About this exercise
With the pictures left aside, write out exactly the lines of the listing below from the line with "Thumbnail 6 Victoria" to the line with "4 Pcs Luces", both included, and only those.
:: Records for the exercise ::
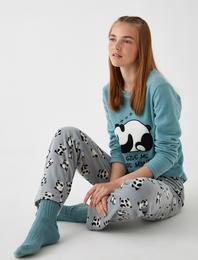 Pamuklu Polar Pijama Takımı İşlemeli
:::
:: Records for the exercise ::
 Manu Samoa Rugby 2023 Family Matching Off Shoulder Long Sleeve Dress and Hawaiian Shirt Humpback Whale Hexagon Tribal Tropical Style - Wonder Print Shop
:::
:: Records for the exercise ::
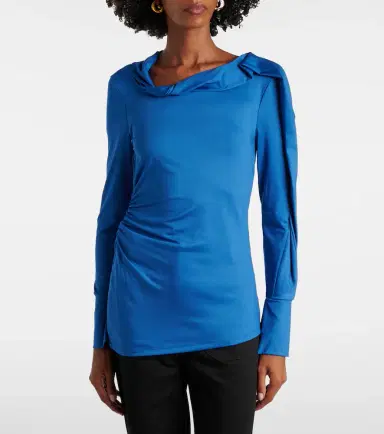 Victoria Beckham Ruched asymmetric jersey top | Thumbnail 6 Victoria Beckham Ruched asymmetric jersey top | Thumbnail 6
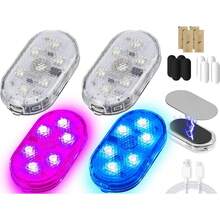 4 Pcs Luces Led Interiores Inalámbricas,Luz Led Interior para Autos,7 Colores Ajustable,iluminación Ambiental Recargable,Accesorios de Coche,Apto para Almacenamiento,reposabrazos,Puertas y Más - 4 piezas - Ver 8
:::
Response to the exercise
 Victoria Beckham Ruched asymmetric jersey top | Thumbnail 6 Victoria Beckham Ruched asymmetric jersey top | Thumbnail 6
 4 Pcs Luces Led Interiores Inalámbricas,Luz Led Interior para Autos,7 Colores Ajustable,iluminación Ambiental Recargable,Accesorios de Coche,Apto para Almacenamiento,reposabrazos,Puertas y Más - 4 piezas - Ver 8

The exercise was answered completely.